The modelling exercise is far from complete with the model primarily being for flex affects. However, two of the other quantities of interest are the maximum stress and strain in the board. The holy grail of this model is to predict strength. Unfortunately this is very difficult and I suspect the rules of thumb will have to incorporate big margins of safety.
The situation with tensile strength is not as bad as it is with compressive strength. Tensile strength is less sensitive to variations in construction than compressive strength is. The reason being that failure under compression is rarely because the compressive limits of the material are reached but more often that local imperfections in the laminate or bonding layer of core surface etc lead to concentrations of compressive forces and delamination of the laminate. In this way the compressive limits are rarely reached before the board breaks. The challenge is further increased by the 'micro failures' in the laminate that accumulate over time and change the properties.
The first step in this process is simply to see whether the magnitude of the forces predicted by the model are of the right order of magnitude and if not, discover why not. Then ideally you would create some test pieces with all sorts of variations in materials construction technique and do destructive tests on them. From this one could create a set of margins of safety that could be applied to design decisions.
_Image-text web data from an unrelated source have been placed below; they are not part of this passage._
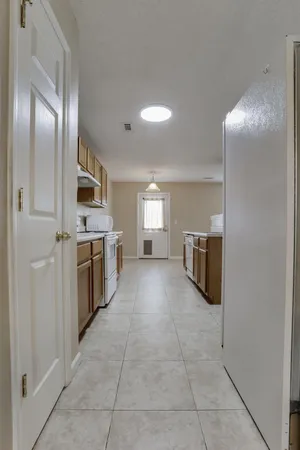 a large kitchen with cabinets and stainless steel appliances
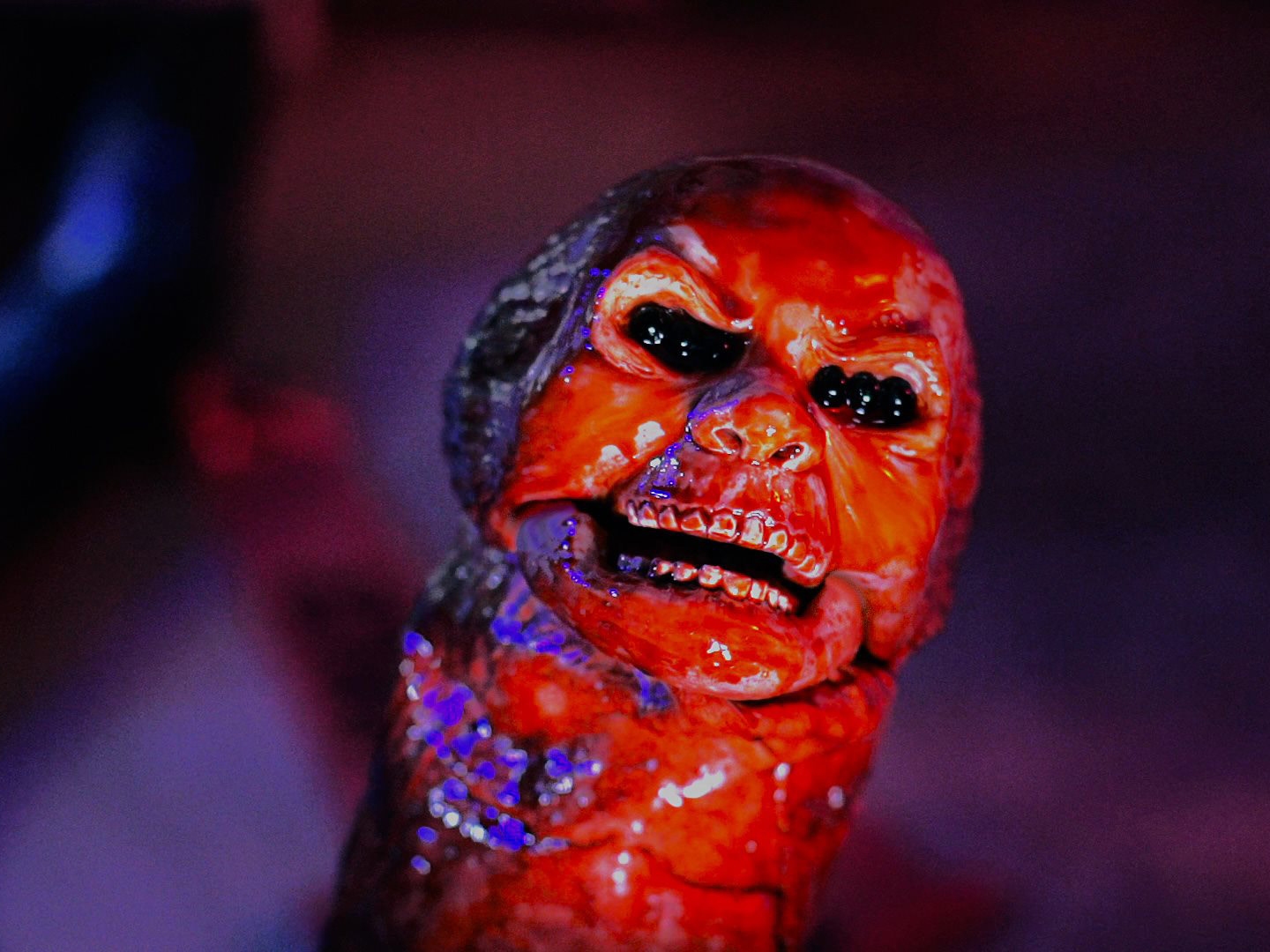 A monstrous alien baby reaches up from the bottom of the image. Its pink body is soaked in the blood of its mother, a terrible creature from beyond space and time and reality, borne into the world.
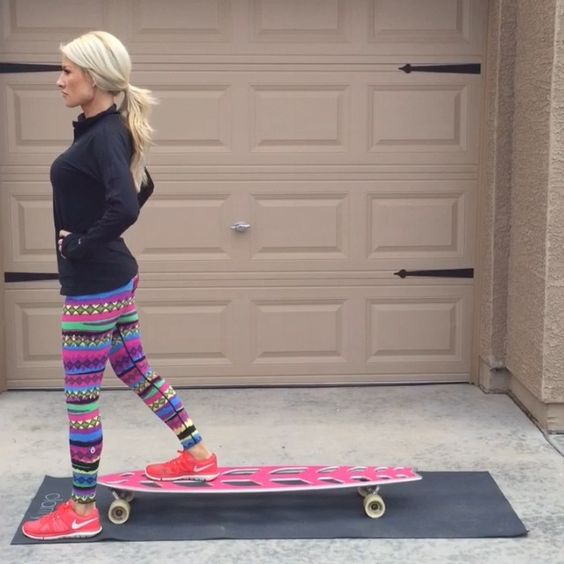 Woman working out with her skateboard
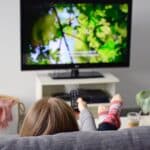 Woman enjoys subtitled nature documentary at home made possible by Athreon's subtitling service.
Finally, and for me most importantly, it absolutely fascinating to learn about this stuff. The fact that its applied to kiteboards is all the better but being fascinating is almost enough in its own right.
Hi Matt,
ReplyDeleteA quick question. Was reading your blog and observed that in april blog u indicated that the flexual rigidity is proportional to the core thickness cubed (^3) (1mm core thickness change was equal to 28% flex change on 10mm core), however here you are indicating that the relation is squared(^2). Could you elaborate, did i miss something...?
Hi MirsadC. Thanks for the really good question - and I'm very happy to hear someone is reading it!!!!
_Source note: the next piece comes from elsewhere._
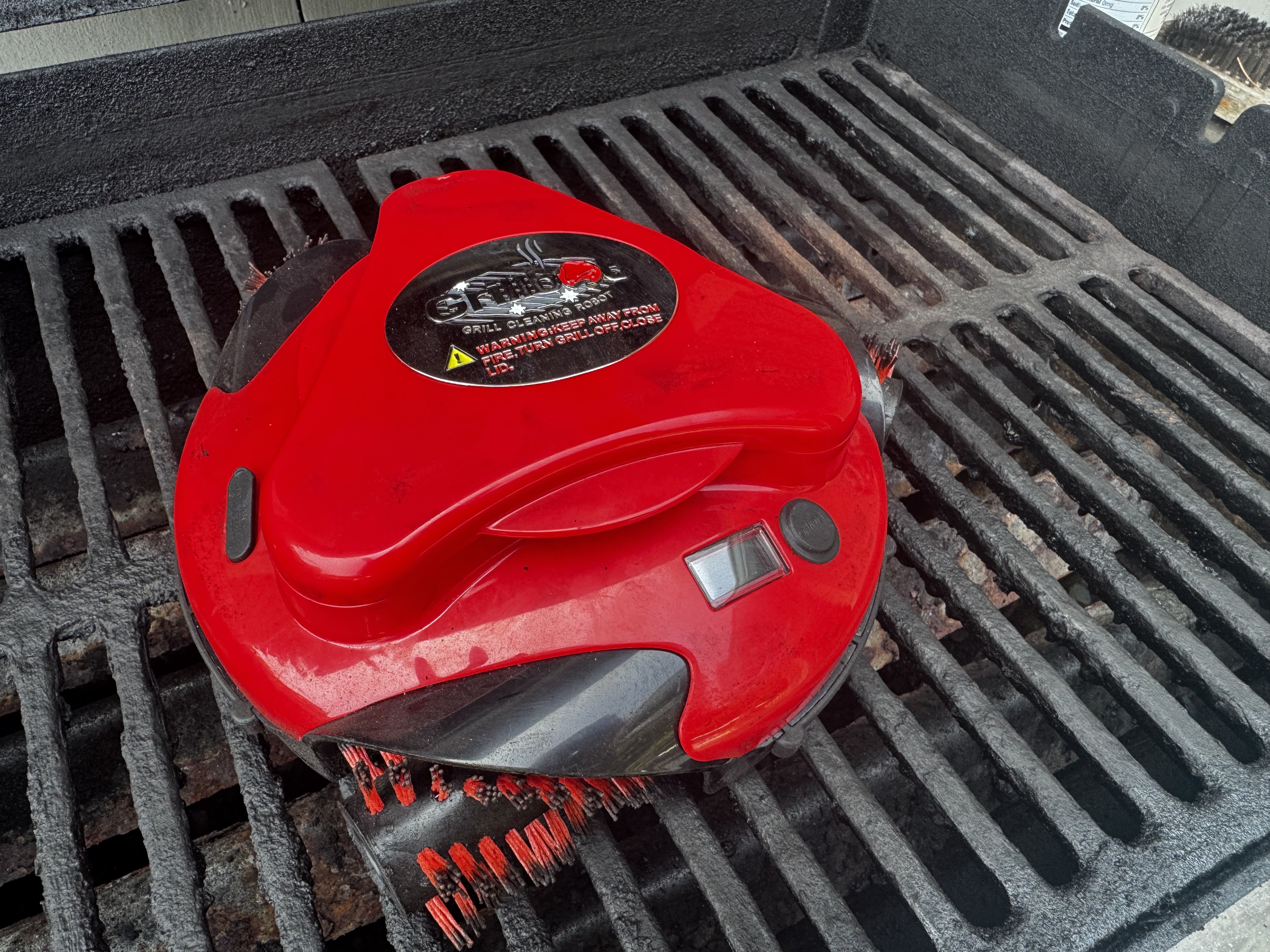 The Grillbot at work on a dirty grill.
ReplyDeleteIts a case of both are right but it depends on which part of the core you are thinking about. Flexural rigidity is the product of elastic mod. and 'I', the secod moment of inertia. 'I' relates the shape of the cross-section only and E relates only to the properties of the material that its made up from. I for a rectangle is width*height^3/12. So if you are talking about the core material withouth any laminate on the outside (no fibreglass etc) then the flex. rig. is proportional to the height cubed.
If you talking about just the 'shell' of reinforcement on the outside of the core then for this thin 'shell' of laminate has an 'I' whose largest term is core thickness squares times the thickness of the laminate 'shell'. This is because you can find the I of a complex shape by simply adding or subtracting the I of its components. I for a shell is then
w*(c+t)^3/12 - (w-2t)*c^3/12; where c is core thickness and t is laminate thickness
when you expand this out the c^3 terms cancel and you get c^2wt as the largest terms.
The 'E' for pvc foam compared to the E for fibreglass is so small it is effectively zero for flex calculations so the core felx. rig is due just to laminate shell. Woodcores have an E can't be ignored and so the flex rig of a wood core is the sum of the flex rig for the core (proportional to c^3) and the reinforcement (c^2t).
much obliged!
ReplyDeleteIt is all much more clear now :).